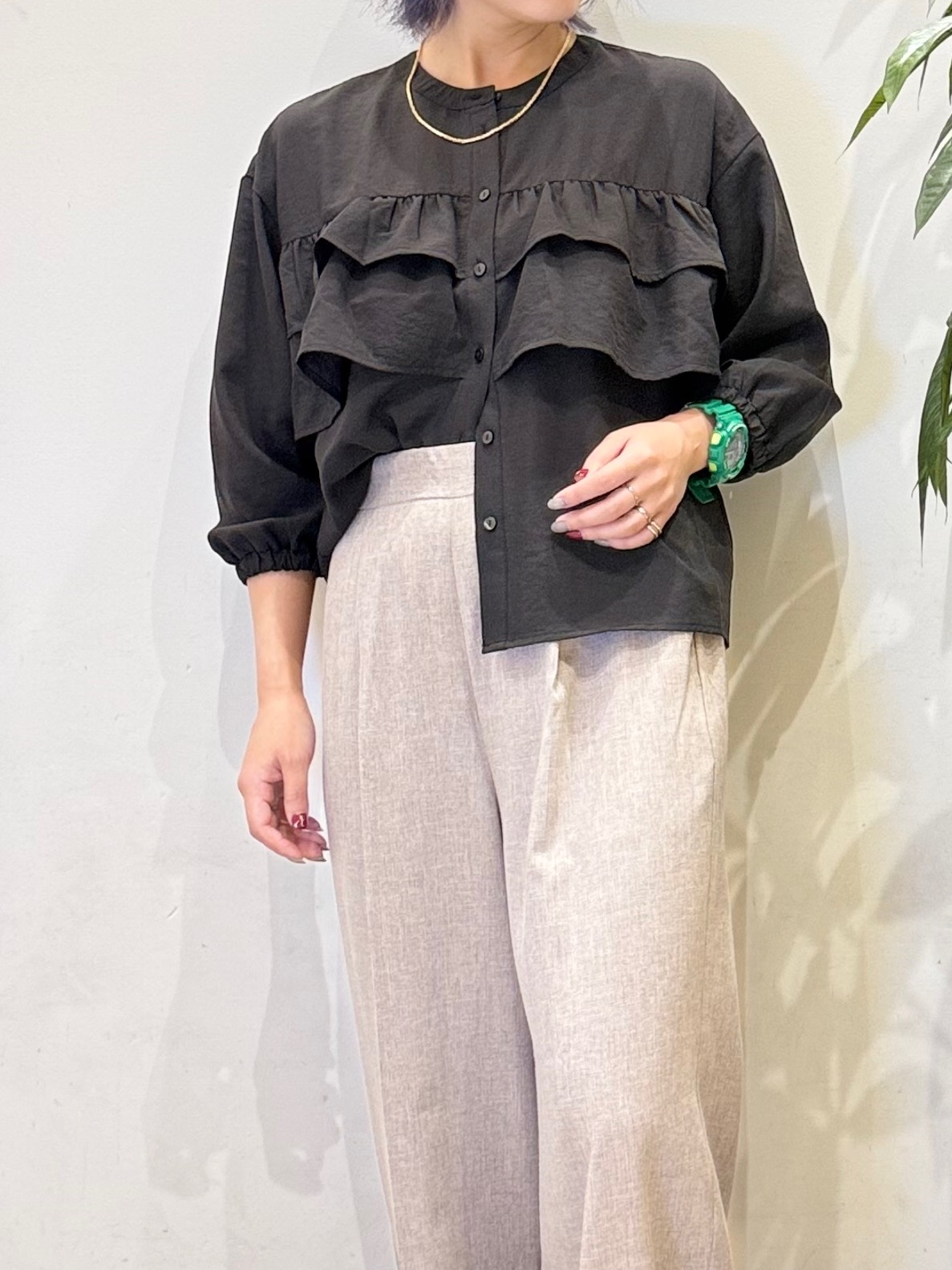 misakiさんの「SHOO･LA･RUE｜【S-LL/洗濯機可】1枚で華やか フロントティアードブラウス」を使ったコーディネート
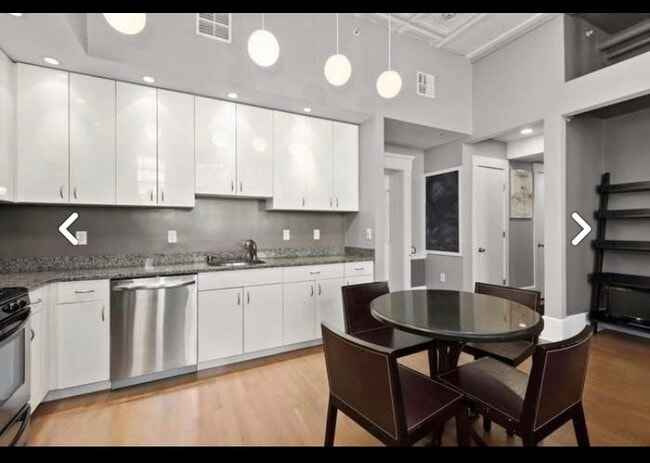 Photo - 28 Adams St Unit 207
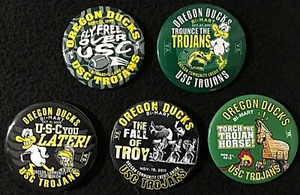 USC FOOTBALL 1999 - 2015 CINQUE (5) TROJAN vs OREGON DUCKS GAME SPIRIT PULSANTI - Foto 1 di 2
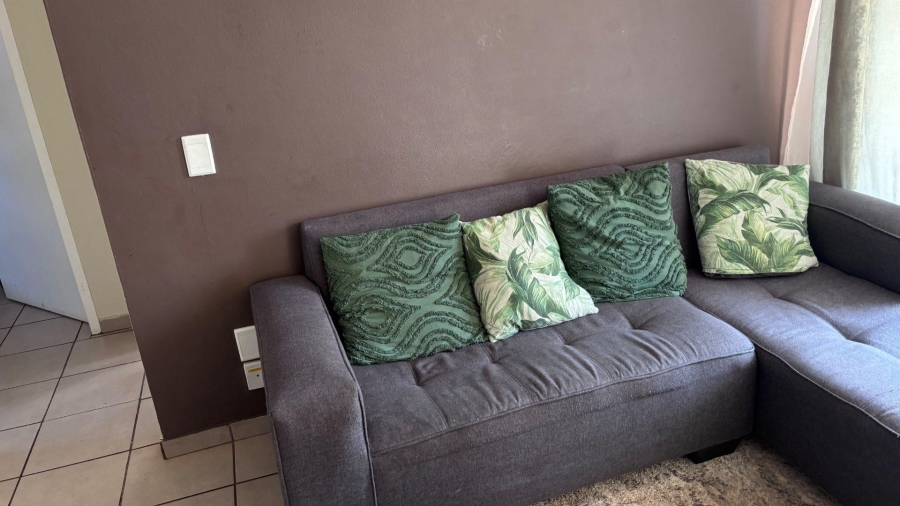 To Let 2 Bedroom Property for Rent in Clarina Gauteng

• _Task statement_: From the first line to the last, retype the data exactly, without images.

• _Solution to this exercise_:
 misakiさんの「SHOO･LA･RUE｜【S-LL/洗濯機可】1枚で華やか フロントティアードブラウス」を使ったコーディネート
 Photo - 28 Adams St Unit 207
 USC FOOTBALL 1999 - 2015 CINQUE (5) TROJAN vs OREGON DUCKS GAME SPIRIT PULSANTI - Foto 1 di 2
 To Let 2 Bedroom Property for Rent in Clarina Gauteng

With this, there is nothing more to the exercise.